そのためにはデジタルシフトが必要ですし、世の中の変化をいち早く捉え、変化のスピードに対応できるように事業や企業の変革をすることこそがデジタルトランスフォーメーション(DX)だと思っています。
デジタルの話に関連しますが、マーケターは科学的になる必要があります。情報システム部門とマーケターは対立しやすいですよね。マーケターは右脳で感性的、情報システム部門は左脳で論理的というか。
今日マーケターが見るべきデータ量はビッグデータ化しています。これまでのように、経験値で判断するのでは無く、システムを活用してデータを扱うことで新しい発見をする、データを適切によむ力が必要です。システム的な知識や統計的な知識も必要かもしれません。
私はデータサイエンティストの部下に対して「データを深堀してみるのはいいけどたまには俯瞰して大きい視野をもつように」とよく言っていました。
高いところから俯瞰してみて、違和感を見つけそこを更に深掘りする。この、入って引いてを行えるマーケターが必要なんです。
そのためにも、マーケティング部門だけでは無く幅広い業務を体験すべきですし、それが出来なくても常日頃から、自分を取りまく環境へ関心を持つことが重要でしょう。
――ビッグデータに強くないマーケターも多いと思いますが、そういう時はどうすればいいでしょうか?
自分たちで仮にできないとしたら、そういうことができるパートナーを知っていればいいんです。そういうパートナーがいるということが、そのマーケターの引き出しになります。
大手企業のマーケターにありがちですが、他社のマーケターとのつながりがなく、代理店としか付き合いがない、という人達がいます。そういう人は同業や異業種の人と接することの出来るコミュニティに参加し、議論をすべきですね。世の中give and takeですから、価値ある情報を入手するには、自分が他人の役に立つ人になる必要があります。
特に新人のマーケターは自社内のステークホルダー以外にも、外部のマーケターやパートナーとのコミュニケーションを取ることで、視野を広げることが重要ではないでしょうか。
――今、石井さんが注目されているトピックはありますか?
クッキーレスには注目しています。クッキーレスは、デジタルマーケティングの未熟さの問題だと私は考えています。
そもそも、なぜクッキーが使えなくなるかというと、興味もない広告が追いかけてくるのをお客様が不快に思ってしまったからです。

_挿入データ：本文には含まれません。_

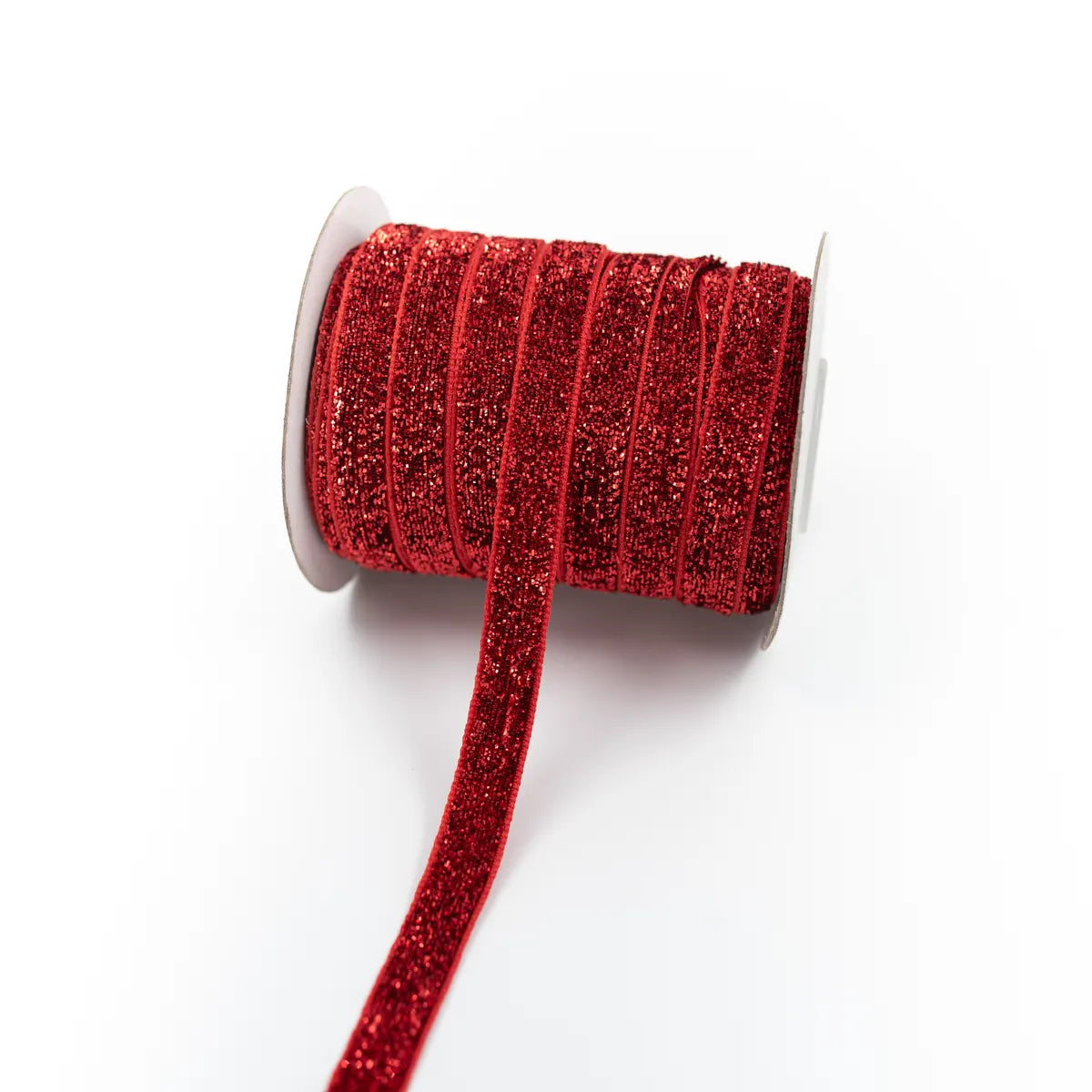 Banda De Catifea De 1cm x 18M - Ahura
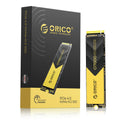 1TB NVMe PCIe 4.0 M.2 2280 Internal Solid State Drive E375391
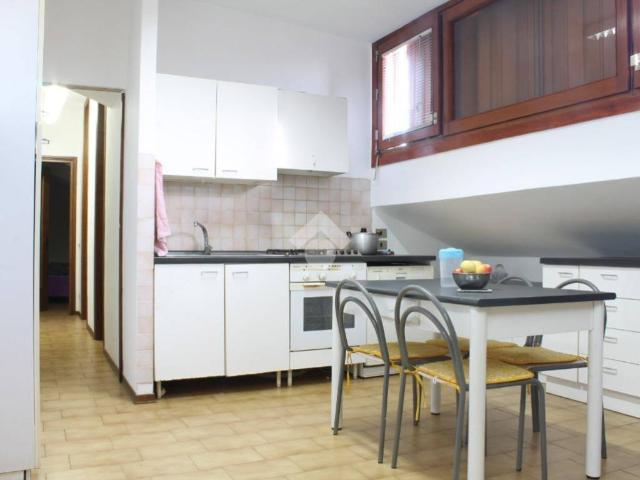 Appartamento in vendita a Bergamo BG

個人に適した広告を最適なタイミングで出すことができていれば、問題にはならなかったはずですよね。お客様が必要になったタイミングで「サービスする」のではなく、必要でないのに「売りつける」行為になってしまっているのが原因です。クッキーが悪いのではなく、それを利用したサービスが適切でなかっただけで、デジタルマーケティングの仕組みの未熟さが露呈した問題でしょう。
個人情報って必要でしょうか?
Webサイトで訪問者を理解する時、住所や名前といった訪問者の個人情報ではなく、どうやって訪問してきたのか、なぜ訪問してきたのか、他にどのようなページを閲覧しているかを理解出来れば良いのでは無いでしょうか。
誰であるかと言うことより、どのような事をしたい人なのかを知ることの方が重要です。つまり、個人の解像度ではなく、背景の解像度を上げるということですね。

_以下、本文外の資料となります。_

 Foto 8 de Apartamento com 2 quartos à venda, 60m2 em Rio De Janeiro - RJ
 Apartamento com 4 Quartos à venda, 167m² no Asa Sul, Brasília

背景の解像度を上げれば、ベストなタイミングで、ベストな提案ができるようになるはず。それこそ、顧客を第一に考え、その真の望みや希望を実現するという本来のマーケティングの姿ではないでしょうか。
クッキーレスだから大変、と言っている場合ではないんですよ。「売りつけ」はNG、「欲しくなるもの」を「欲しいタイミング」で提供すること、そのための仕組みを作ることが求められています。システム的にできないと言い逃れをするのでは無く、お客様にとって最適なサービスを提供することこそが本質なので、それを実現するために自分たちで開発する、開発できるパートナーを探すということを真剣にやっていかないといけない時期に来ているのです。
<Profile>
石井龍夫氏
1980年花王に入社、販売部門経験の後、事業部門でブランドマーケティング業務に14年携わり花王の主要ブランドのブランドマネージャーを歴任。 2003年以降、web作成部長を経てデジタルコミュニケーションセンター長として、花王のデジタル活用に携ってきた。その後、2014年にデジタルマーケティングセンターを新設し、2017年1月に退任するまで花王のデジタルマーケティング活動を統括。
現在は、C Channel株式会社の監査役、株式会社イーライフのエグゼクティブアドバイザー、アドビのエグゼクティブフェローを務める一方、日本マーケティング協会のマーケティングマイスターや広告電通賞ブランドエクスペリエンス部門の審査委員長、日本アドバタイザーズ協会のデジタルメディア委員、早稲田大学大学院経営管理研究科非常勤講師、マーケティング国際研究所の招聘研究員でもある。